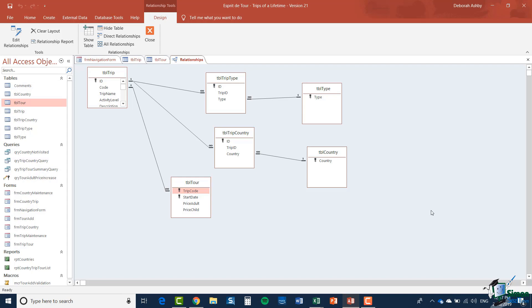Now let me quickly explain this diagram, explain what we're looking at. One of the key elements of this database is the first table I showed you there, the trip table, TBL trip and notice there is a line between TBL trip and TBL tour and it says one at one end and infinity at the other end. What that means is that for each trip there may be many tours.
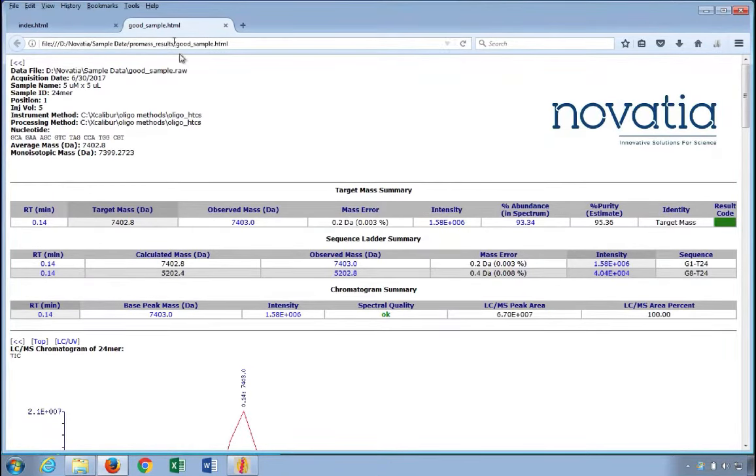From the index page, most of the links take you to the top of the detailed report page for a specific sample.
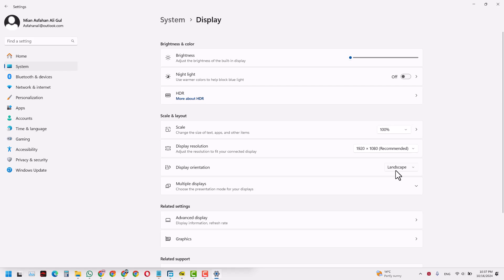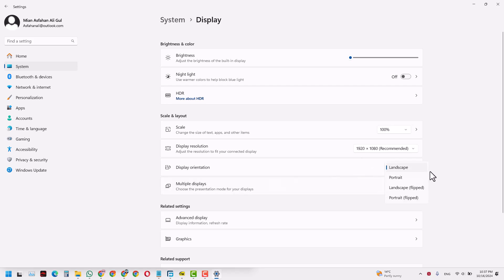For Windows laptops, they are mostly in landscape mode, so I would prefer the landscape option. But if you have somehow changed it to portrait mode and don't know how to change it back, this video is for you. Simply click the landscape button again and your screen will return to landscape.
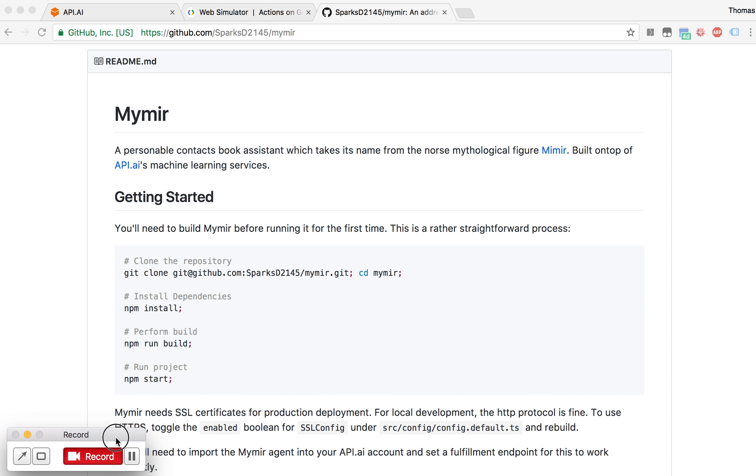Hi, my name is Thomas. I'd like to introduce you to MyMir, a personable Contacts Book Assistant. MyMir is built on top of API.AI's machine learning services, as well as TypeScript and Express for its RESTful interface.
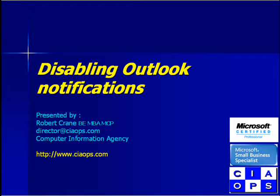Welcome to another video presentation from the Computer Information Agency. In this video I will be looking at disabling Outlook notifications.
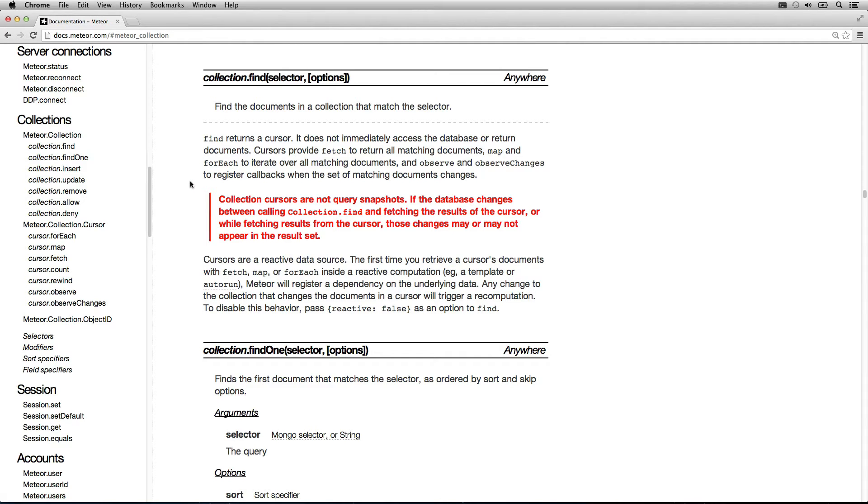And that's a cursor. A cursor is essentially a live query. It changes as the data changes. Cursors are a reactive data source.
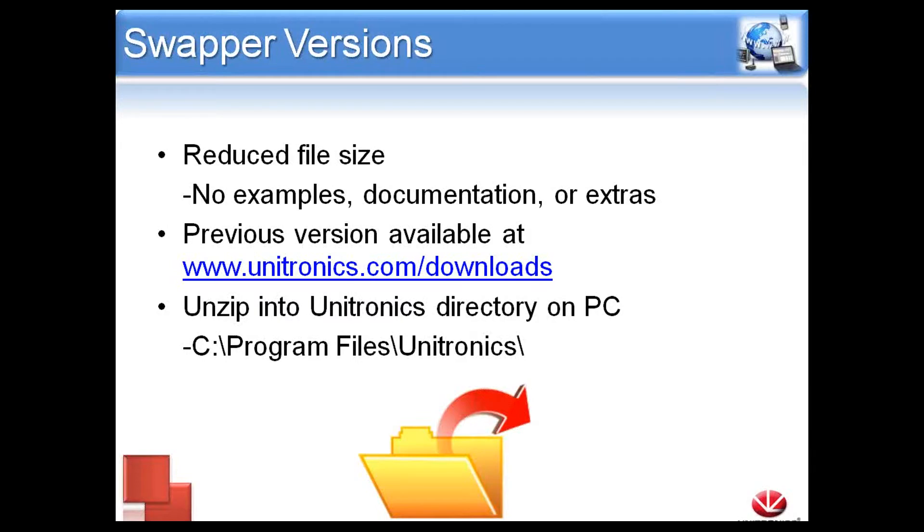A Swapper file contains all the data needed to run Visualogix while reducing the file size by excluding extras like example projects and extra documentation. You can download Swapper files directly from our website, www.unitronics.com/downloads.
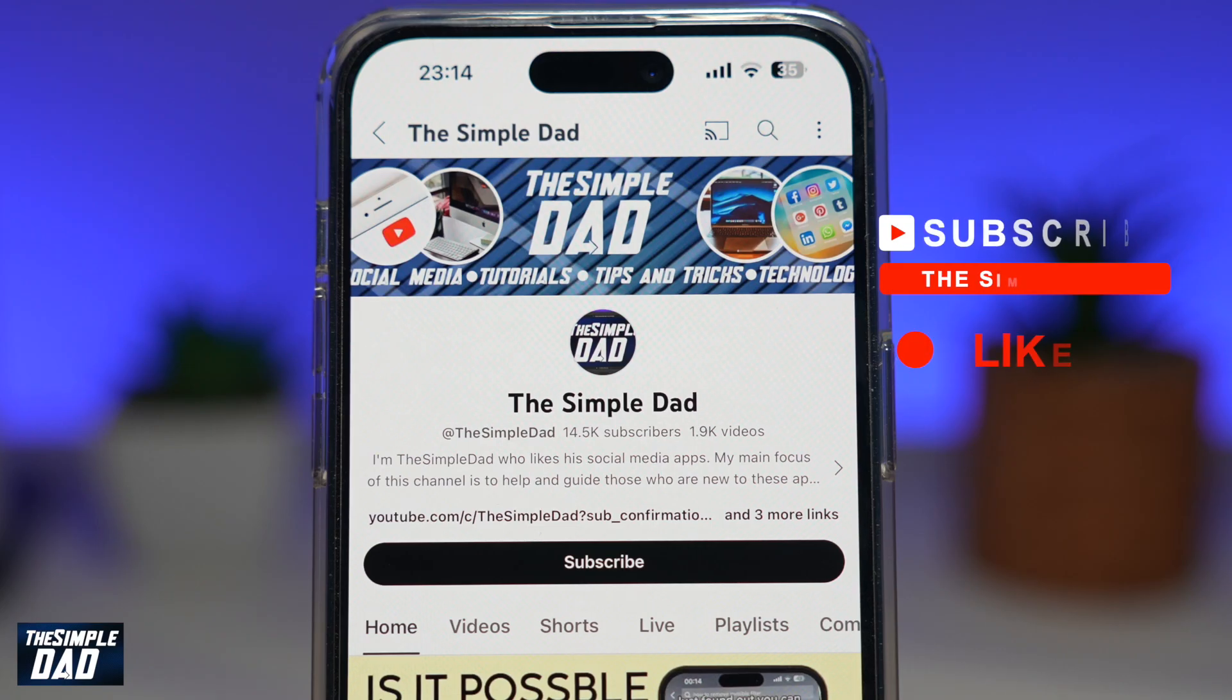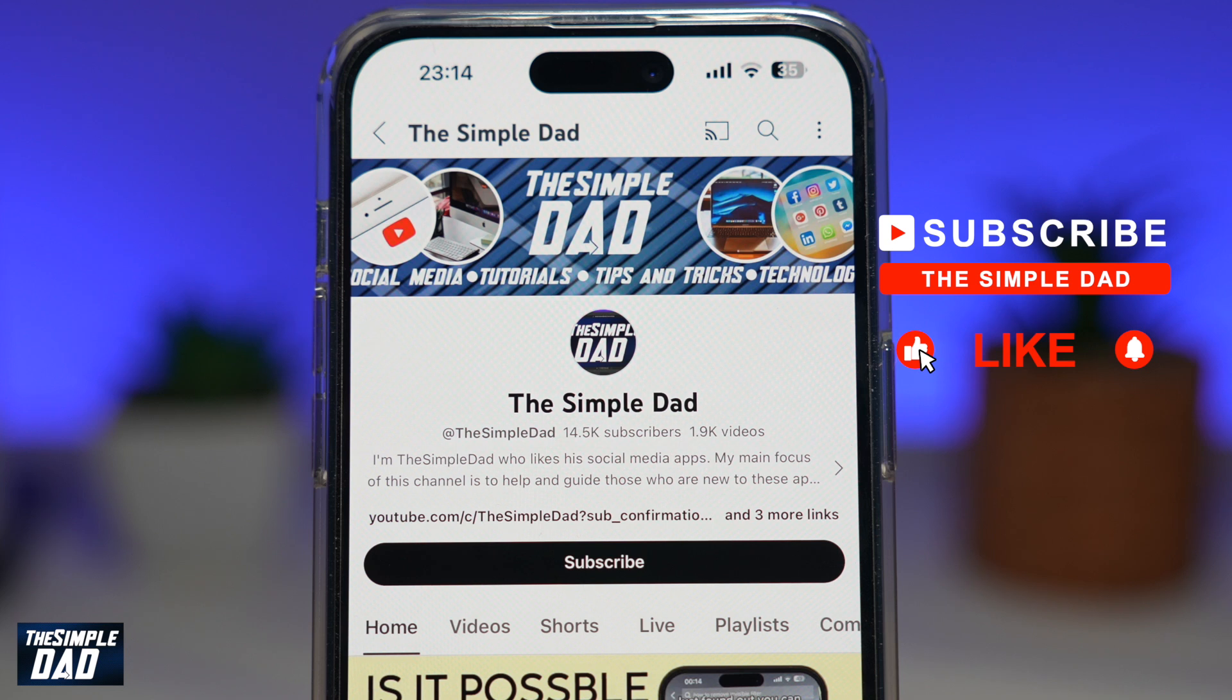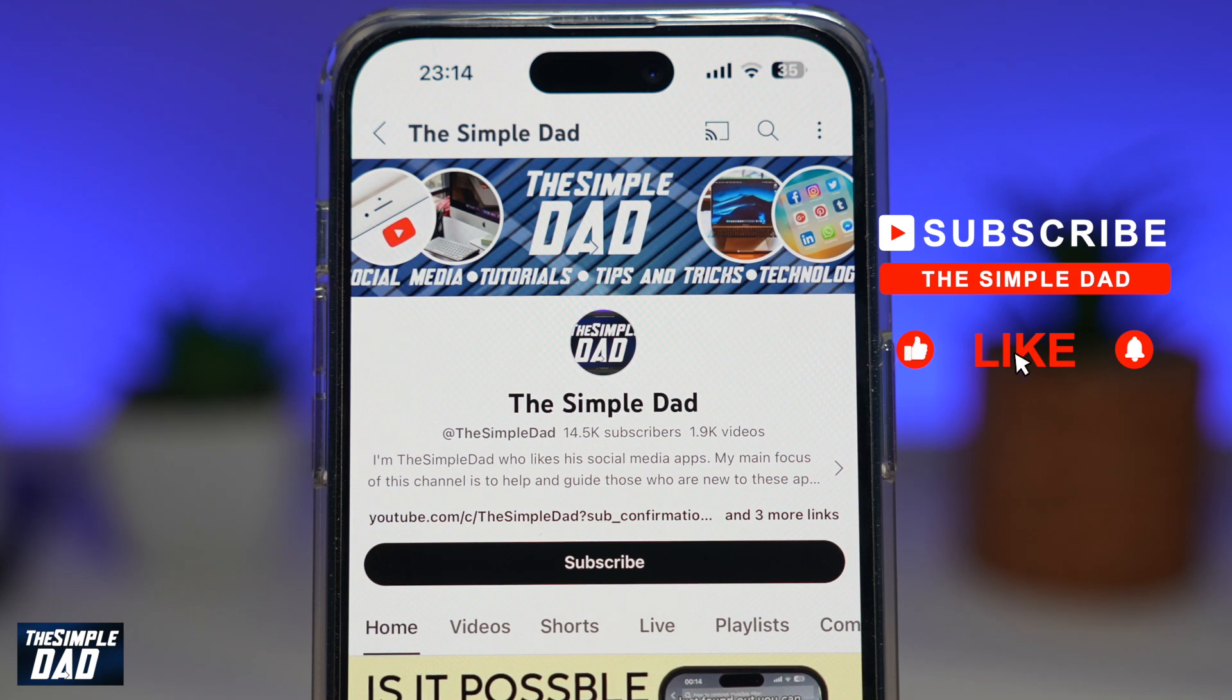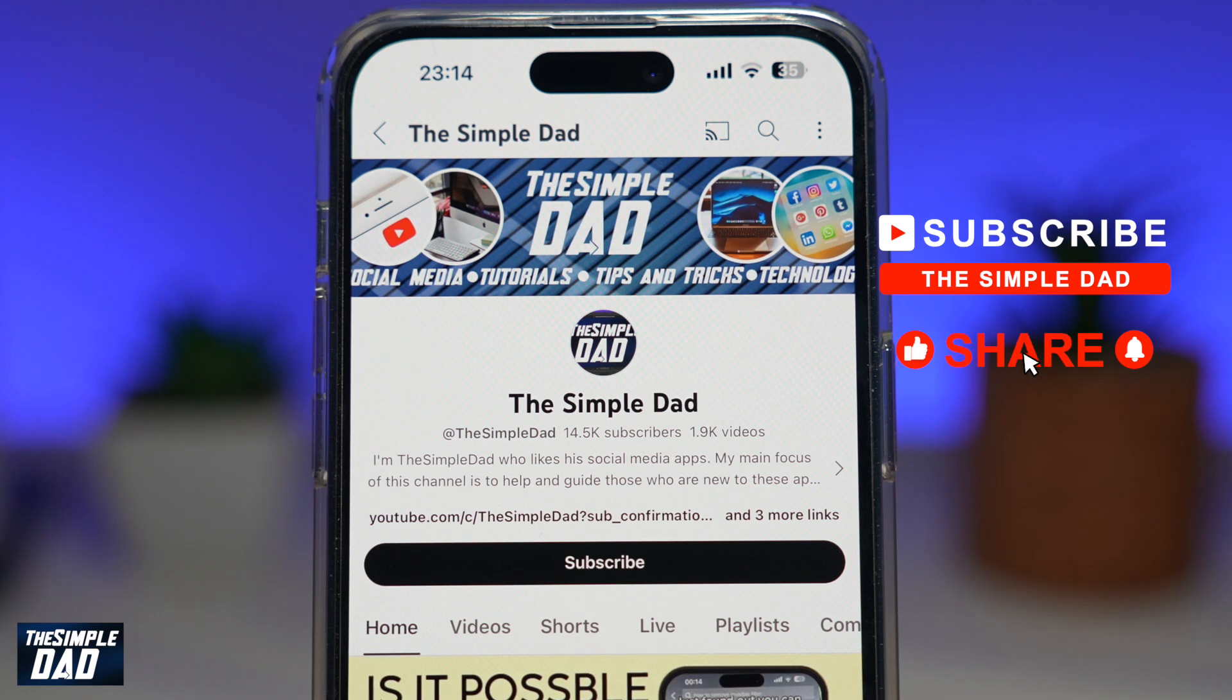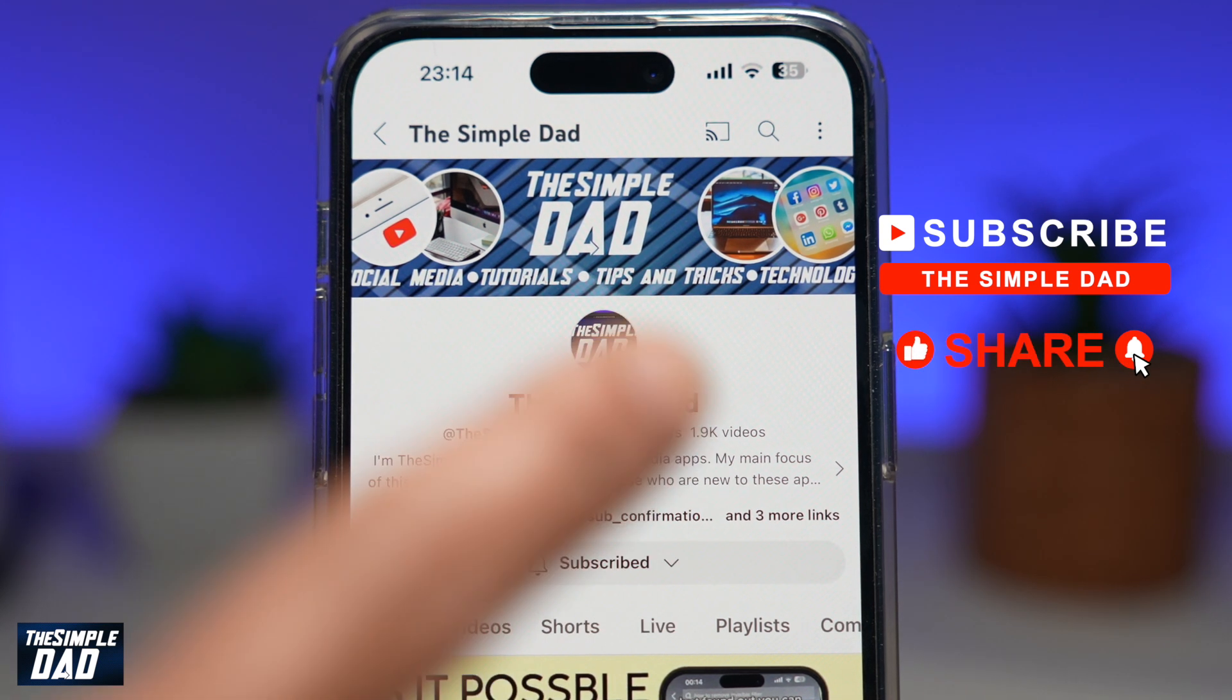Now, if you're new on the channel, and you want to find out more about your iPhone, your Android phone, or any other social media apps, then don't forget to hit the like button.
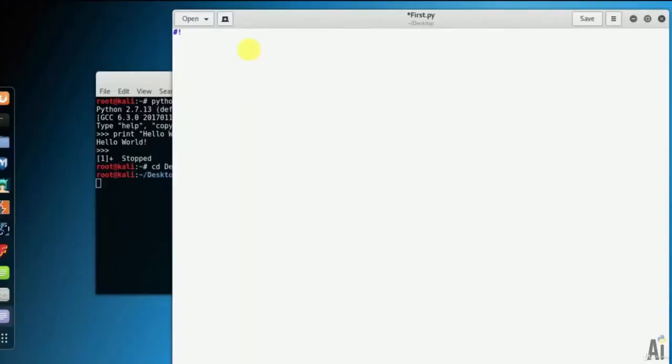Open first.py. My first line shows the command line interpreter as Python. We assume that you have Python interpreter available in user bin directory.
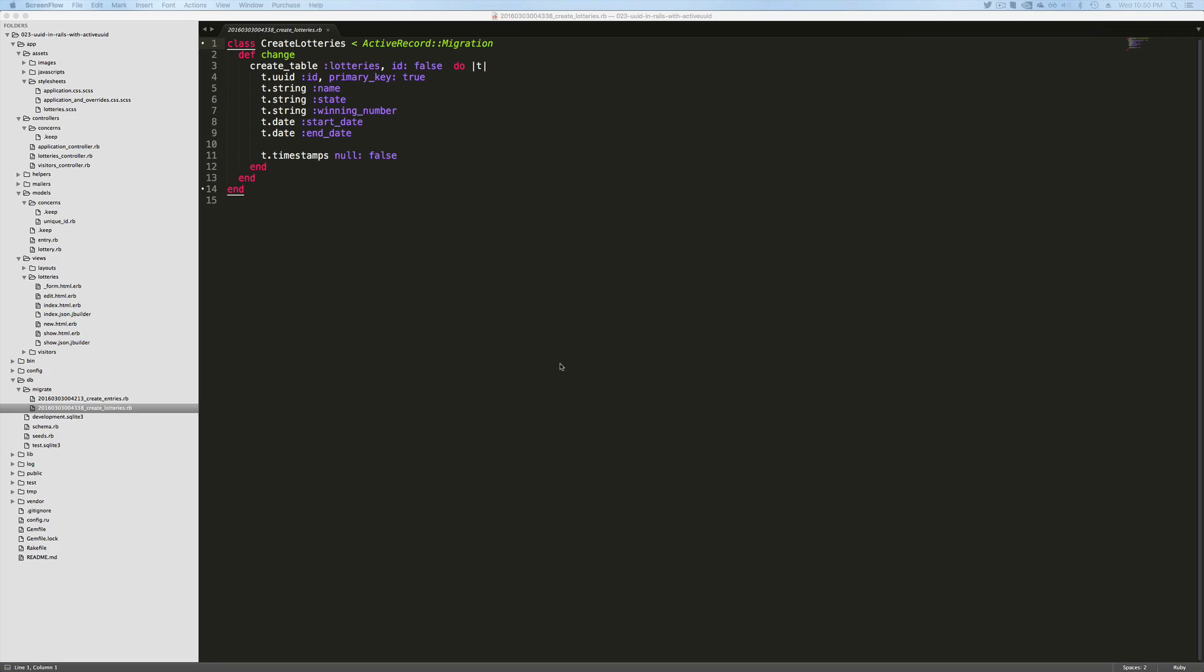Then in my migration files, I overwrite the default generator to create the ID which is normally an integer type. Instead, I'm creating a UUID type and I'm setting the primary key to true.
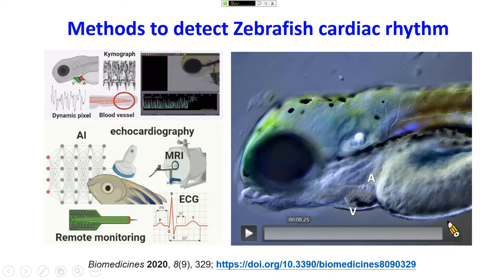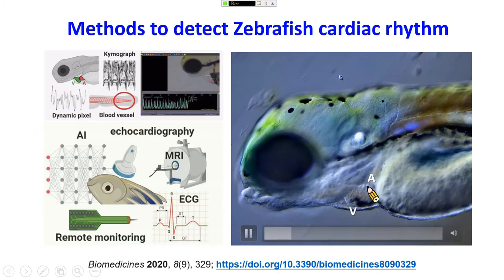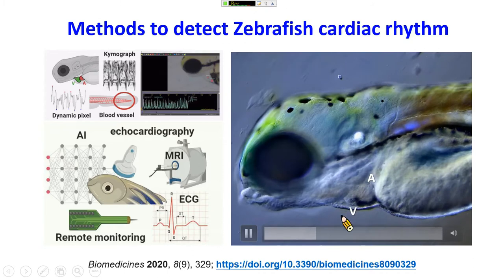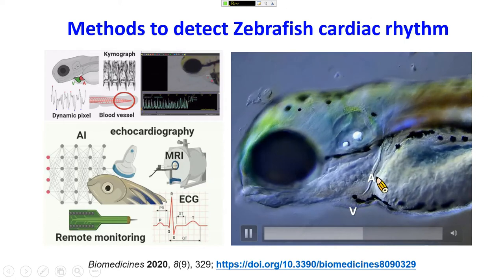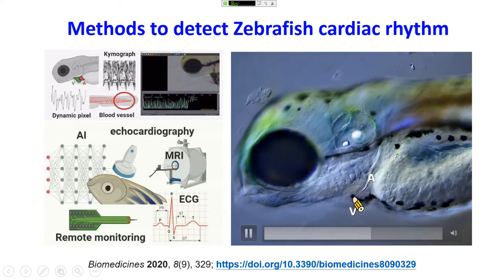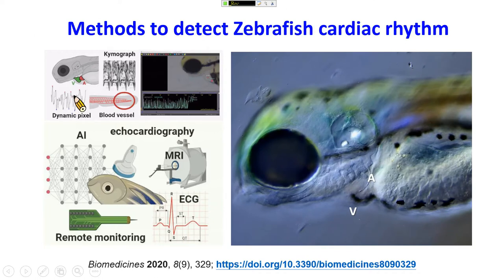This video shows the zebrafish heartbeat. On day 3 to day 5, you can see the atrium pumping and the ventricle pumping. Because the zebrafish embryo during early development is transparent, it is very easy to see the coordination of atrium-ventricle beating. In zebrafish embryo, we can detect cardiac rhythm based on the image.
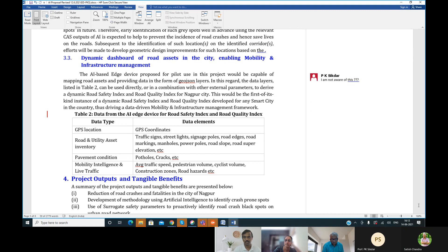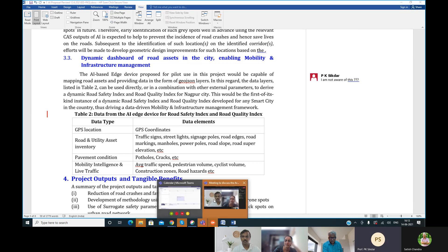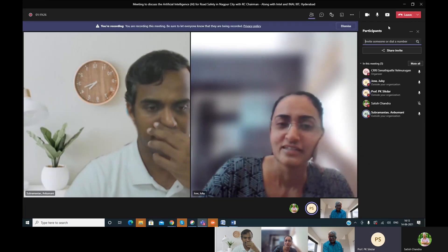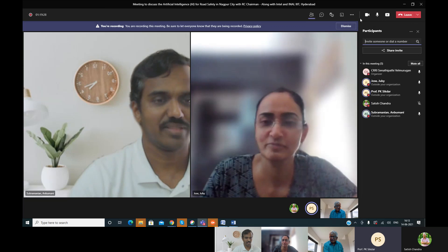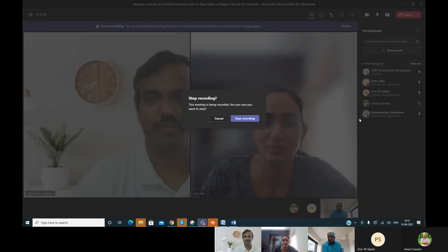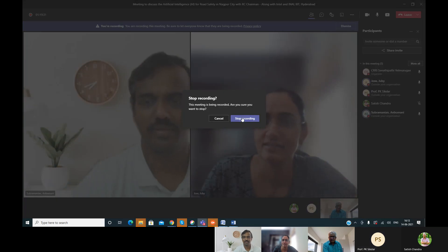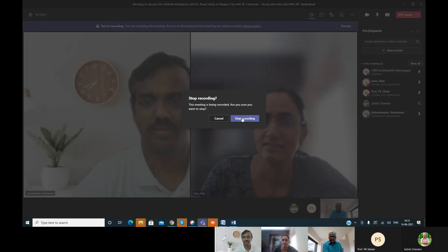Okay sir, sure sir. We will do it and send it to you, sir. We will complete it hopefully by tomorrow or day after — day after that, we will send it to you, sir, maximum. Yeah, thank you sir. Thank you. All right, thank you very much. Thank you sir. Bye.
■ ■ ■ ■
### WORK ORDER
What you need to produce is an exact copy of the entries above, limited to the lines from the one with "Hi, my name" up to and including the one with "Welcome to another", without pictures.

### EXERCISE OUTPUT
Hi, my name is Thomas. I'd like to introduce you to MyMir, a personable Contacts Book Assistant. MyMir is built on top of API.AI's machine learning services, as well as TypeScript and Express for its RESTful interface.
Welcome to another video presentation from the Computer Information Agency. In this video I will be looking at disabling Outlook notifications.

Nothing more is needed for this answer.